How to write and call Bash functions

function declaration syntax, calling functions, return values, return vs exit, function arguments $1 $2, local variables, function scope, overriding built-ins

Functions in Bash

Bash function call model

Bash functions group commands under a name. They use the same argument system as scripts — $1, $2, $@ — but scoped to the function call.

#!/usr/bin/env bash

# Declaration
greet() {
  local name="$1"   # local: stays inside the function
  echo "Hello, $name"
}

# Call
greet "Alice"
greet "Bob"

Return Values

Bash functions don't return values like most languages. return N sets the exit code (0–255).

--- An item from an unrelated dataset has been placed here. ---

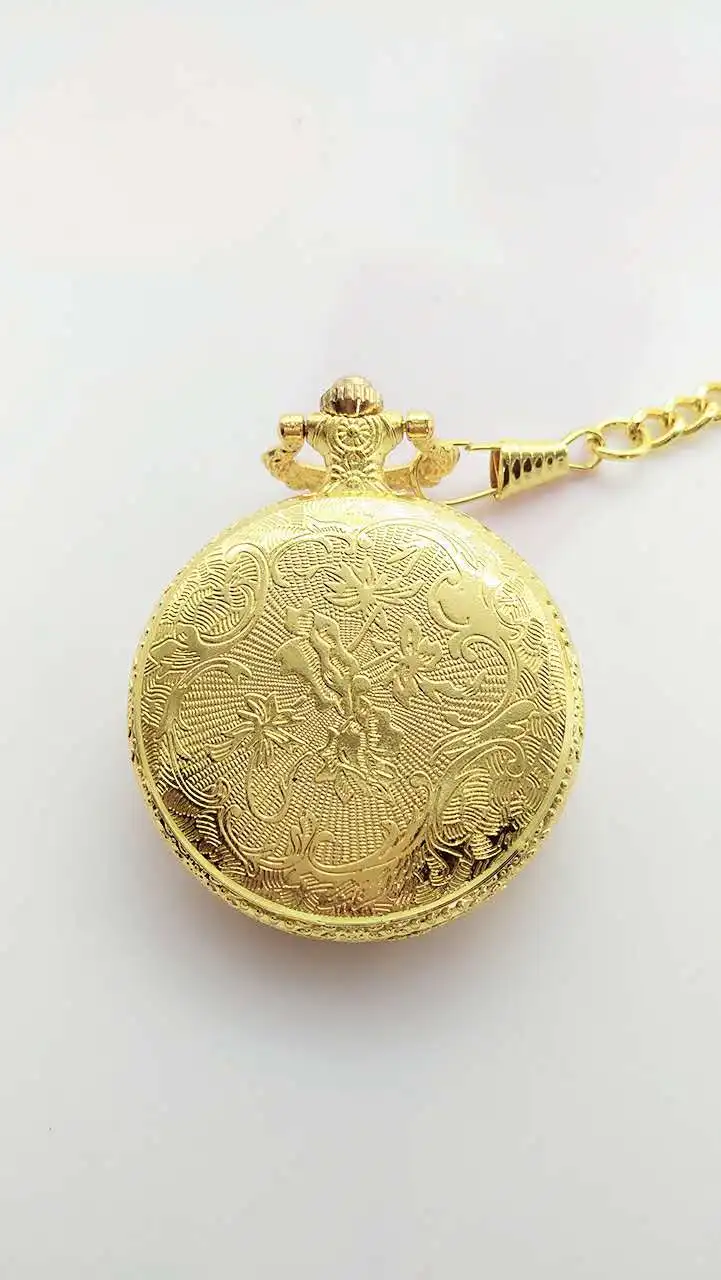 

Golden fish quartz men and woman antique pocket watches hours cowboy chain pocket watches gift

To pass data out, use stdout and capture with $().

get_timestamp() {
  date +"%Y-%m-%d %H:%M:%S"
}

log() {
  local level="$1"
  local message="$2"
  local ts
  ts=$(get_timestamp)
  echo "[$ts] [$level] $message"
}

log "INFO" "Script started"
log "ERROR" "Connection failed"

Return Status from Functions

file_exists() {
  [[ -f "$1" ]]  # exit code of [[ ]] becomes function's exit code
}

if file_exists "/etc/hosts"; then
  echo "File found"
fi

Always declare variables inside functions as local. Without local, you're writing to the global scope, causing subtle bugs when functions are called multiple times or in loops.